> [Task]:
Would you write out the full listing exactly, without any pictures?

++++ Material for the task

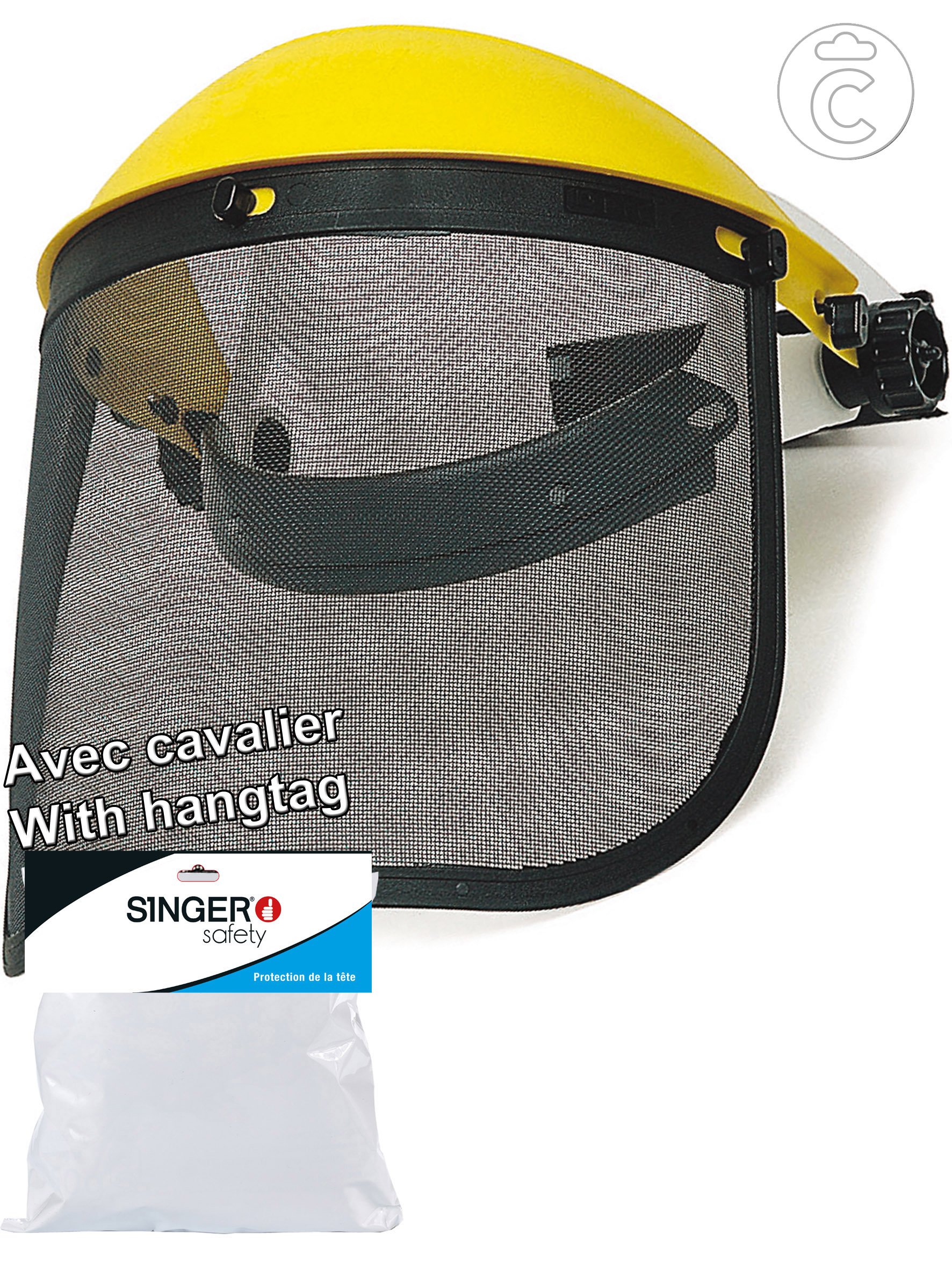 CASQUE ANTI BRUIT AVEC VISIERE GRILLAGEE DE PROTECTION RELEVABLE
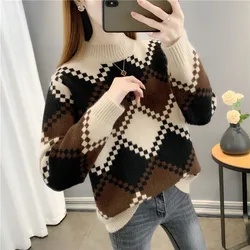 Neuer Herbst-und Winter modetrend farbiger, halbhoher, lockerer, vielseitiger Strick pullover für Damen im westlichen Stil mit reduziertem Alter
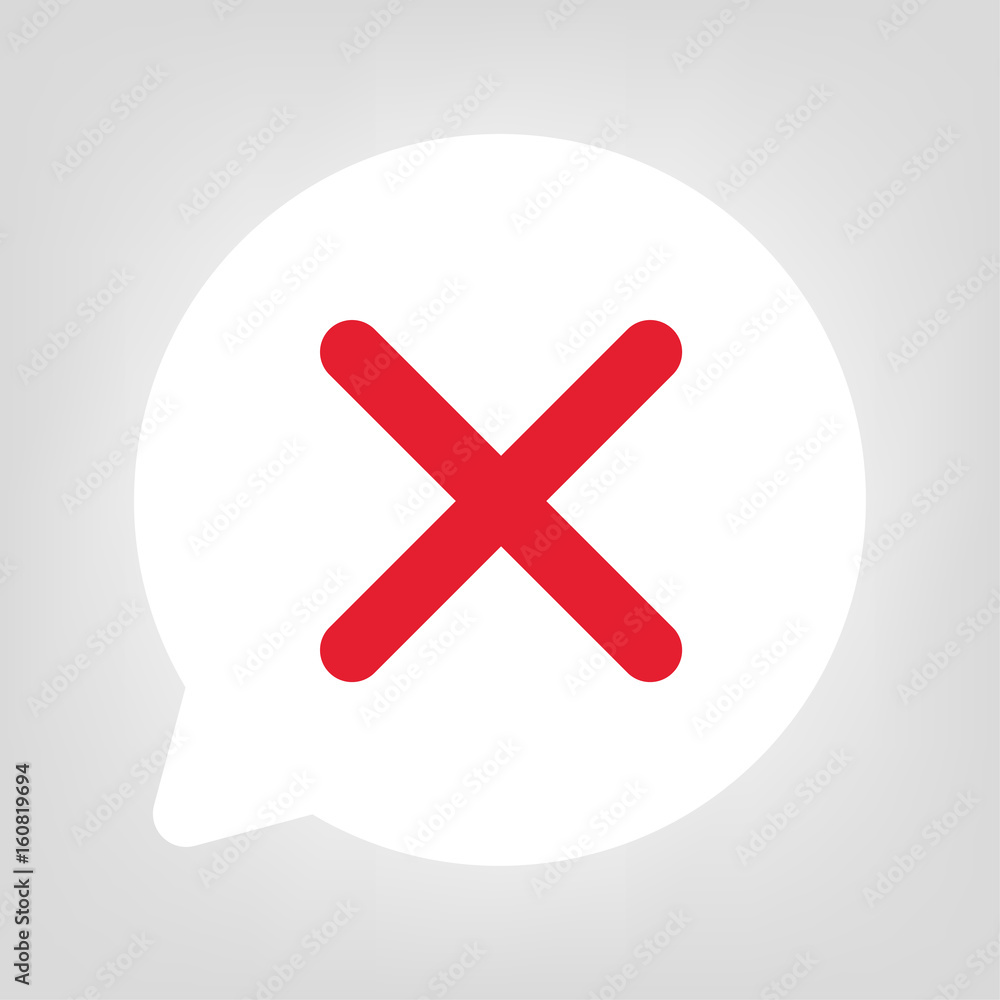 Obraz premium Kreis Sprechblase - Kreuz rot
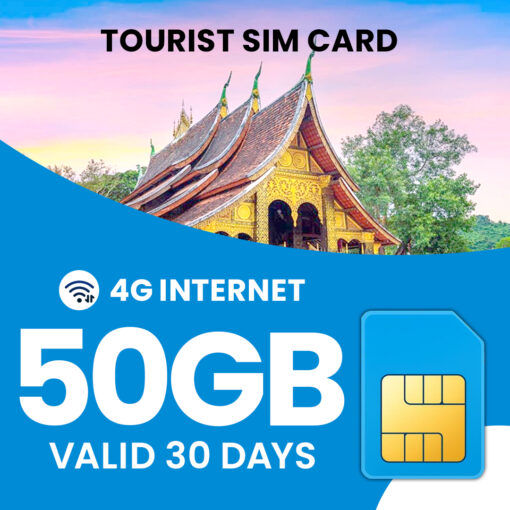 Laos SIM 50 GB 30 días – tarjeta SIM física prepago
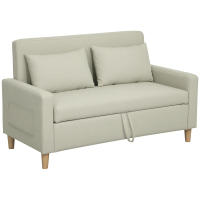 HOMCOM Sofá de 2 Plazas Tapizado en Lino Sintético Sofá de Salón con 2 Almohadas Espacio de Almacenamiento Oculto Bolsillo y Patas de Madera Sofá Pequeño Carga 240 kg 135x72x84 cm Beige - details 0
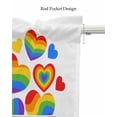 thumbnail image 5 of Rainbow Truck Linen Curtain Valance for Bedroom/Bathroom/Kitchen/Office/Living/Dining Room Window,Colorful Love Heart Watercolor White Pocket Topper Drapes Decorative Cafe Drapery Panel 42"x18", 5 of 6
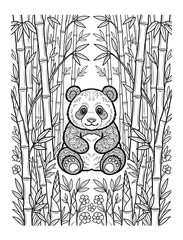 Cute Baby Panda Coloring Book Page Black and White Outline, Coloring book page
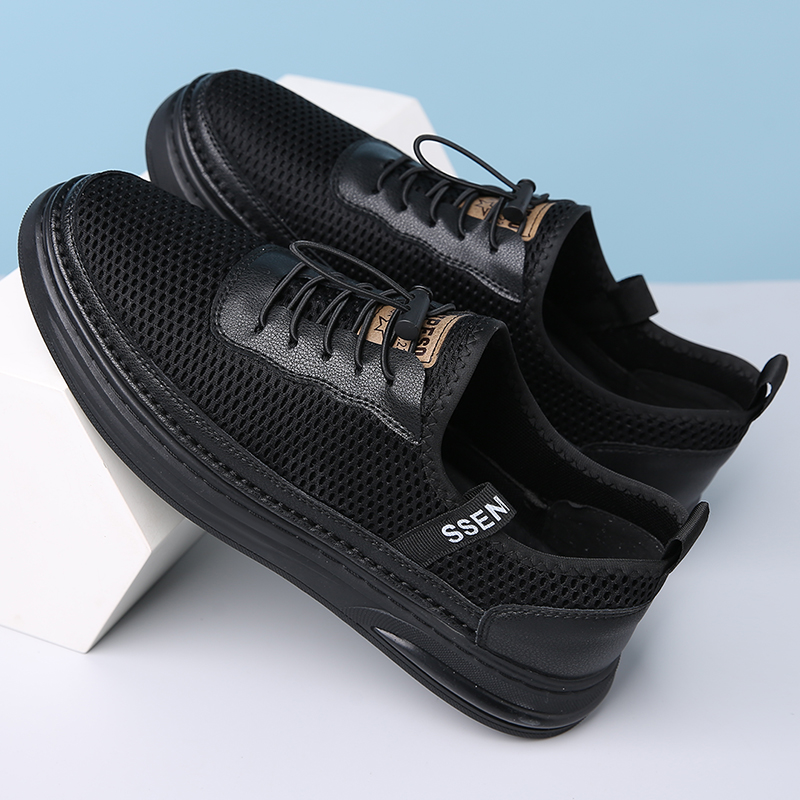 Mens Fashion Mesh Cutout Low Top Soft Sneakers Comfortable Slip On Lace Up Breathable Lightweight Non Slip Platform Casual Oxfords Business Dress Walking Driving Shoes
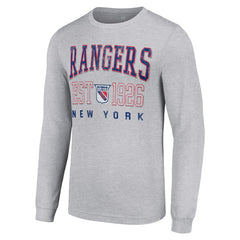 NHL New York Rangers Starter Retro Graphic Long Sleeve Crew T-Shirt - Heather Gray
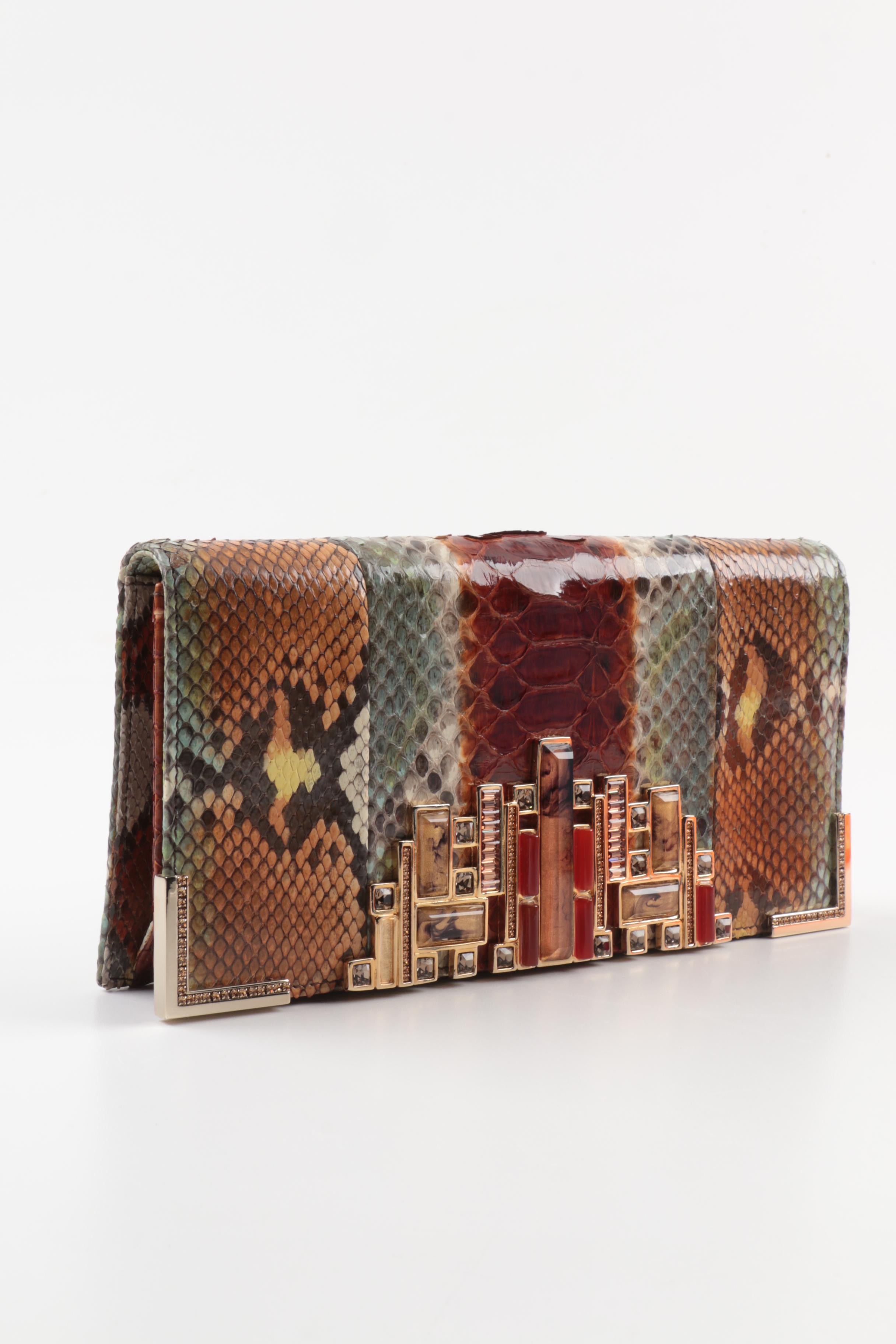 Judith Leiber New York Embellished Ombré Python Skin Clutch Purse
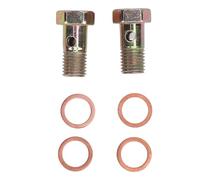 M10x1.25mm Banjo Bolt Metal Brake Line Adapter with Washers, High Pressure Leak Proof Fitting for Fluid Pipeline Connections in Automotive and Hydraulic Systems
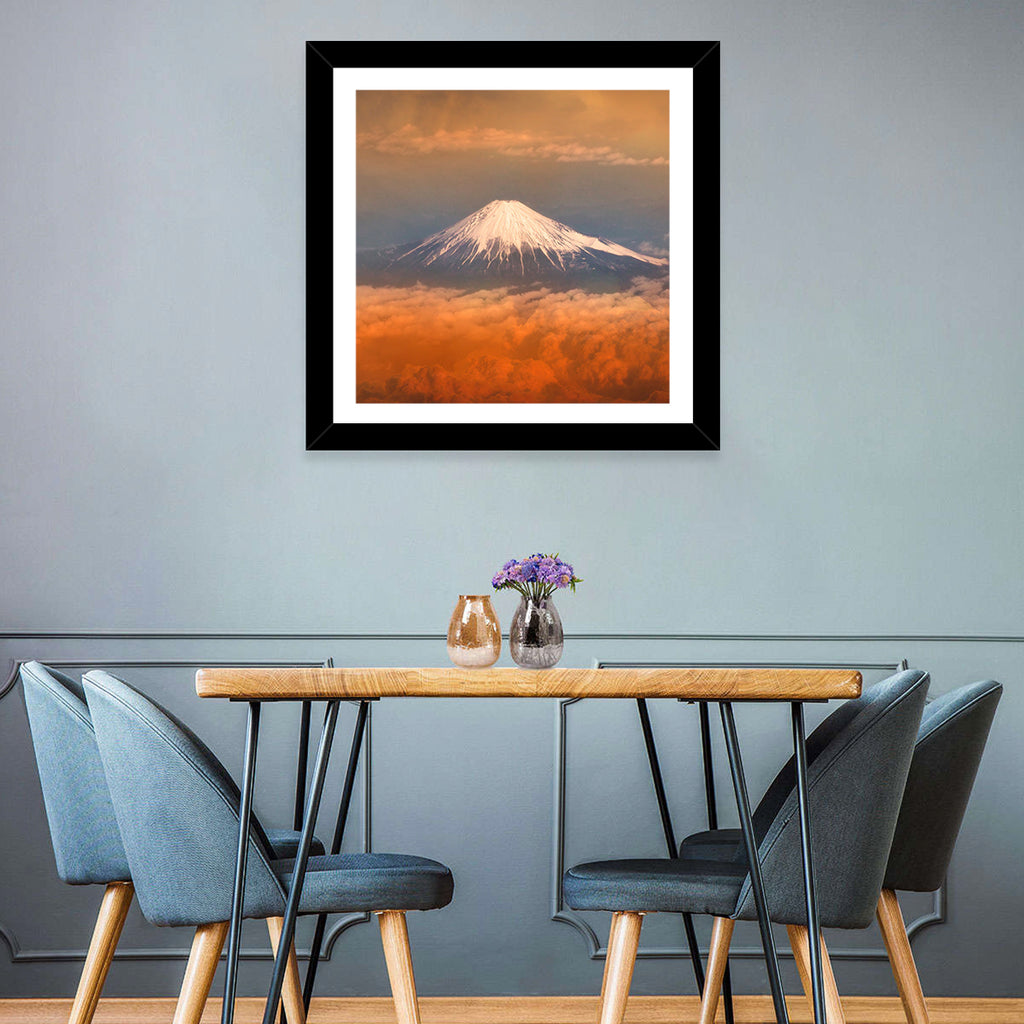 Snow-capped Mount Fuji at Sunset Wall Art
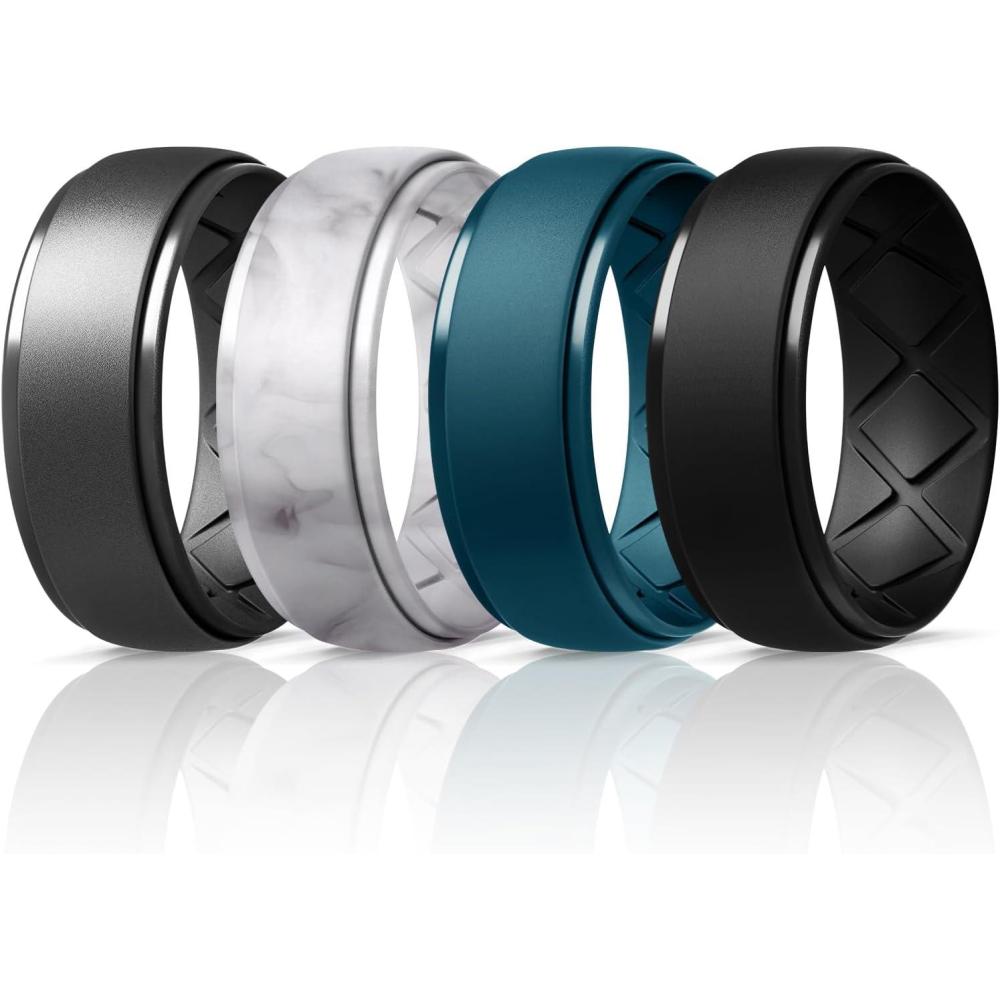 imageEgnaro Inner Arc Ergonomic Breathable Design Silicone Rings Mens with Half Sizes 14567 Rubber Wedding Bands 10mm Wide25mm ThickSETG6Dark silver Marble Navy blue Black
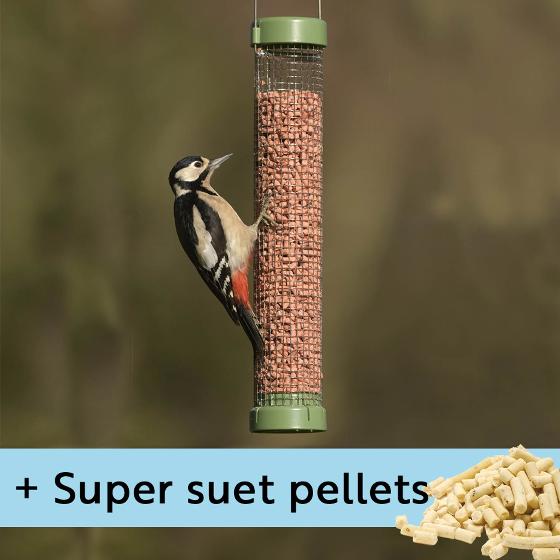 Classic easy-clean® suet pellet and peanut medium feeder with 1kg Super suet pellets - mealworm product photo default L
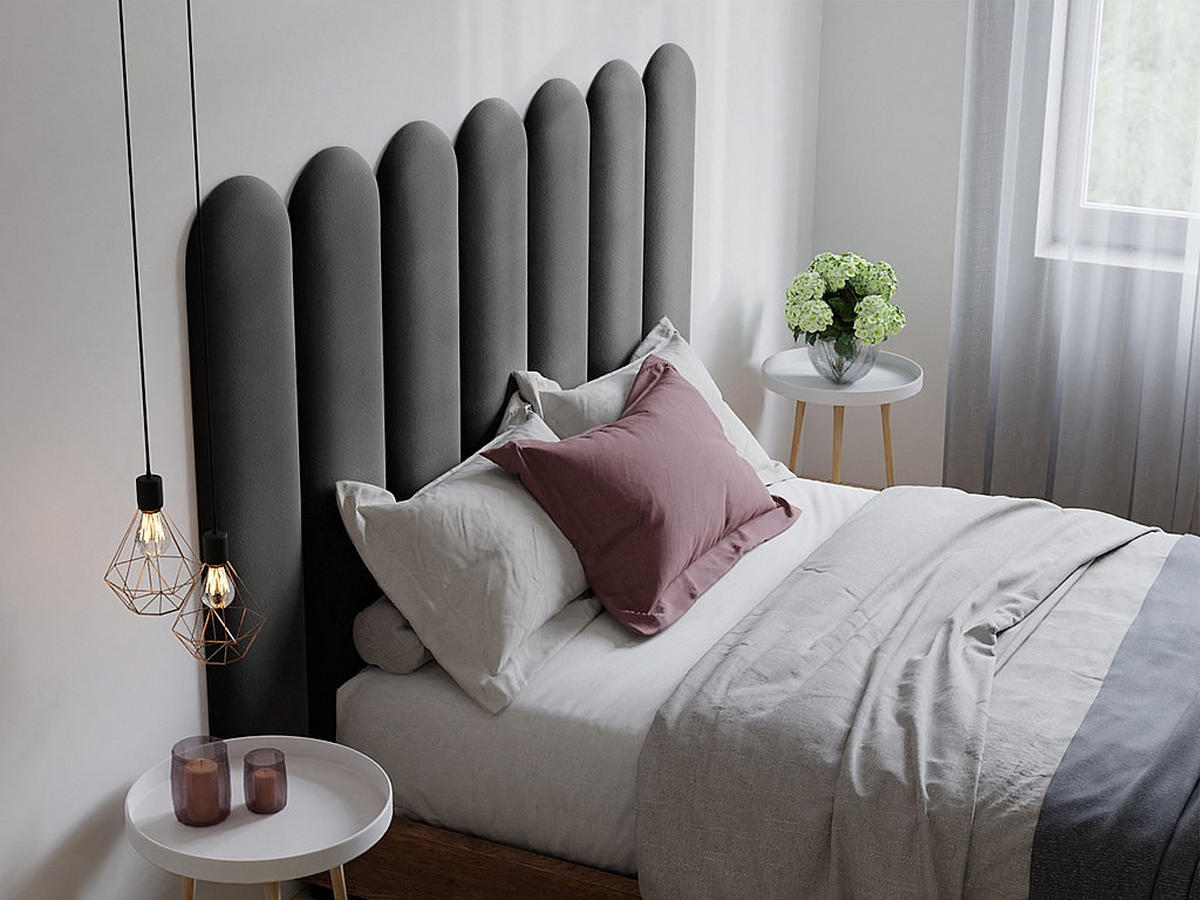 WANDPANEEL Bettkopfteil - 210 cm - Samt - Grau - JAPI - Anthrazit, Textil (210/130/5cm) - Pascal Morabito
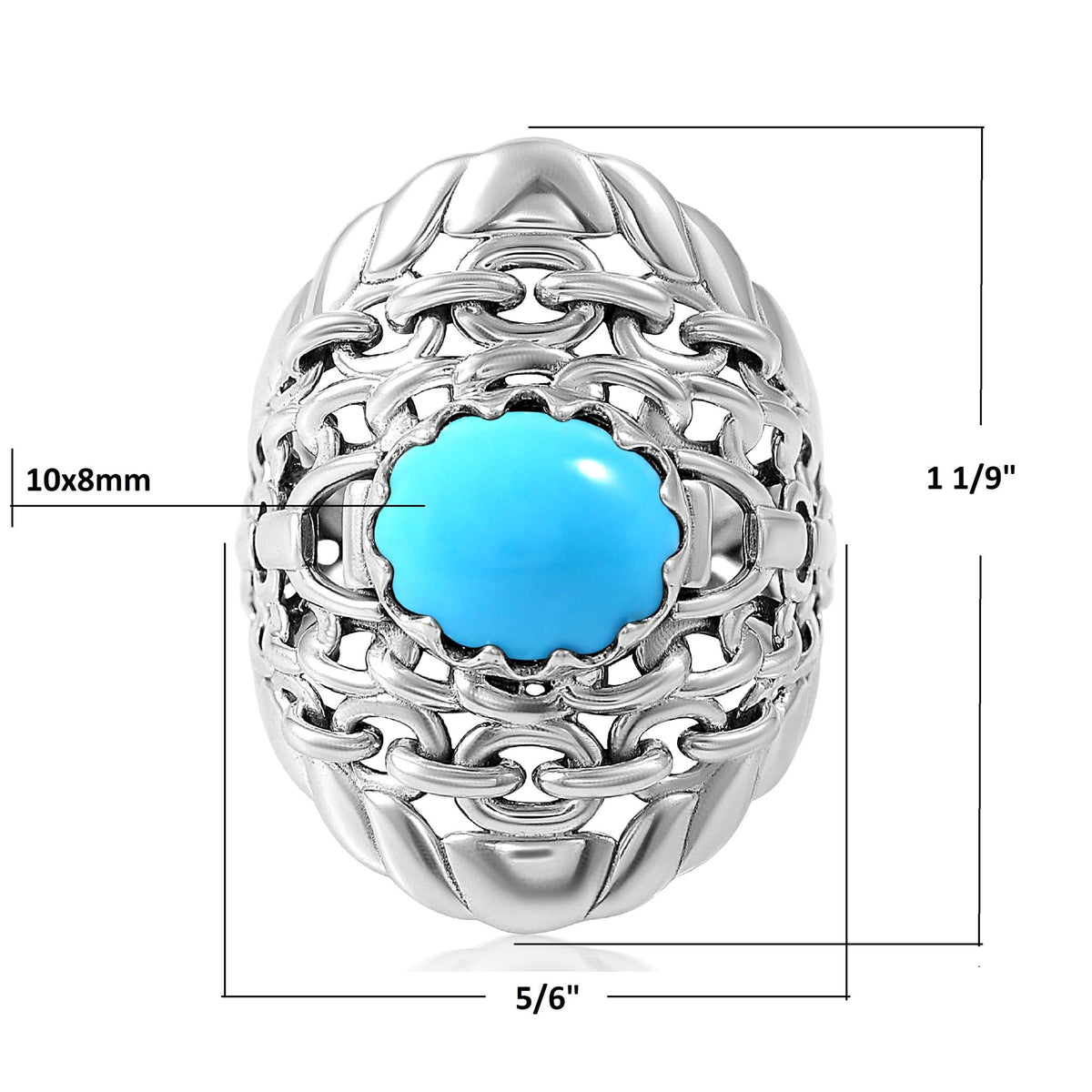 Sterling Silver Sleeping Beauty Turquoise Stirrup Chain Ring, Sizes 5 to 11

++++++++

> [Exercise answer]:
 CASQUE ANTI BRUIT AVEC VISIERE GRILLAGEE DE PROTECTION RELEVABLE
 Neuer Herbst-und Winter modetrend farbiger, halbhoher, lockerer, vielseitiger Strick pullover für Damen im westlichen Stil mit reduziertem Alter
 Obraz premium Kreis Sprechblase - Kreuz rot
 Laos SIM 50 GB 30 días – tarjeta SIM física prepago
 HOMCOM Sofá de 2 Plazas Tapizado en Lino Sintético Sofá de Salón con 2 Almohadas Espacio de Almacenamiento Oculto Bolsillo y Patas de Madera Sofá Pequeño Carga 240 kg 135x72x84 cm Beige - details 0
 thumbnail image 5 of Rainbow Truck Linen Curtain Valance for Bedroom/Bathroom/Kitchen/Office/Living/Dining Room Window,Colorful Love Heart Watercolor White Pocket Topper Drapes Decorative Cafe Drapery Panel 42"x18", 5 of 6
 Cute Baby Panda Coloring Book Page Black and White Outline, Coloring book page
 Mens Fashion Mesh Cutout Low Top Soft Sneakers Comfortable Slip On Lace Up Breathable Lightweight Non Slip Platform Casual Oxfords Business Dress Walking Driving Shoes
 NHL New York Rangers Starter Retro Graphic Long Sleeve Crew T-Shirt - Heather Gray
 Judith Leiber New York Embellished Ombré Python Skin Clutch Purse
 M10x1.25mm Banjo Bolt Metal Brake Line Adapter with Washers, High Pressure Leak Proof Fitting for Fluid Pipeline Connections in Automotive and Hydraulic Systems
 Snow-capped Mount Fuji at Sunset Wall Art
 imageEgnaro Inner Arc Ergonomic Breathable Design Silicone Rings Mens with Half Sizes 14567 Rubber Wedding Bands 10mm Wide25mm ThickSETG6Dark silver Marble Navy blue Black
 Classic easy-clean® suet pellet and peanut medium feeder with 1kg Super suet pellets - mealworm product photo default L
 WANDPANEEL Bettkopfteil - 210 cm - Samt - Grau - JAPI - Anthrazit, Textil (210/130/5cm) - Pascal Morabito
 Sterling Silver Sleeping Beauty Turquoise Stirrup Chain Ring, Sizes 5 to 11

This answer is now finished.